The government’s latest plan to save New Zealand’s wildlife and plants promises to have te ao Māori at its heart, including holding mātauranga Māori in the same regard as Western science.
The new strategy, Te Mana o te Taiao, has five key outcomes including that ecosystems from mountain tops to ocean depths are thriving, indigenous species and their habitats are protected, and treaty partners are exercising their full role as rangatira and kaitiaki.
New Zealand’s biodiversity is in crisis with about 4000 species threatened or at risk of extinction.
Conservation Minister Eugene Sage said the last plan – launched 20 years ago – failed to have a strong Māori perspective, and things had only got worse since then.
“The 2000 strategy did not have a strong te ao Māori perspective, this one does. And the 2000 plan didn’t have the detail of the actions and monitoring that was required,” she said.
One of the strategy’s key objectives is to see Māori leading the delivery of many biodiversity restoration projects, and partnering with the government on decisions about taonga species and the whenua, awa and moana with which they associate.
A climate spokesperson for the iwi Chairs Forum, Mike Smith, said he had heard it all before.

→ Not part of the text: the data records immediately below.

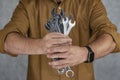 Man holds a set keys for car repair Royalty Free Stock Photo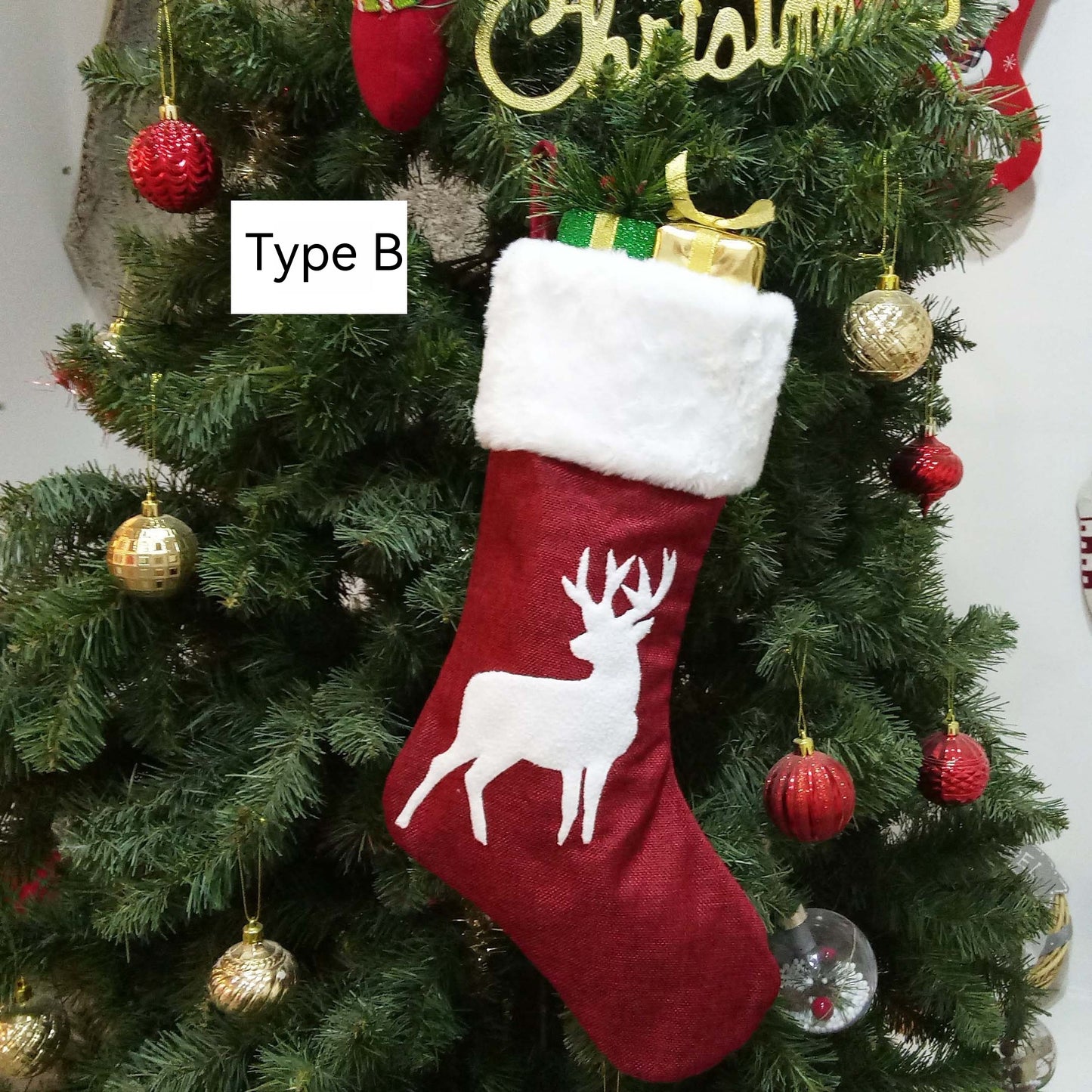 A red Christmas stocking with a white reindeer design hangs on a decorated tree with gold and red baubles. The stocking is filled with a green and gold present.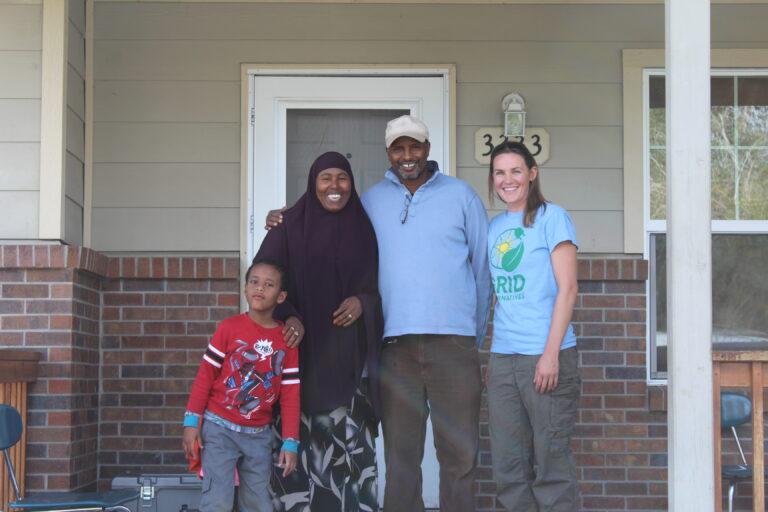 Four people smiling on a residential porch with house number 333 visible behind them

“Quite often the Crown’s idea of engagement is like a shark engaging with a kahawai, one eats the other. Or there’s such a power imbalance that Māori are not in a position to really advocate for their full interests,” Smith said.
“Or they’ll set up marginalised advisory groups that don’t actually have any fundamental power and it will create the appearance of Māori participation but it wont be rangatiratanga.”
Another key objective is for mātauranga Māori to be invested in and have “equal mana to knowledge gained through other scientific disciplines and ways of seeing/understanding the world’.
Māori biodiversity group Te Tira Whakamātaki’s chief executive Melanie Mark-Shadbolt said that was a crucial element to the strategy.
“We have this dichotomy where Western science is hardly ever challenged. We just assume that when the science sits at the table and says that we’re losing species that we accept that because they have the science and the data to back that up,” Mark-Shadbolt said.
“What we’re talking about is that when our knowledge holders say the same and when our kaumātua and tohunga turn up and say that we’ve got these observations, that it has the same status, that it’s invested in and it is accepted as being true.”
She agreed that Māori needed to have more decision-making power on biodiversity plans and projects.
“We can engage, we can consult as much as we want, we can throw a few dollars here and there and put some kaitiaki on the ground to do some pest eradication, but unless we’re willing to look at the legislative changes, whether that be in the RMA or the national policy statement that allow Māori to be decision makers, we won’t have the impact that we need to have to reverse the decline of our biodiversity.”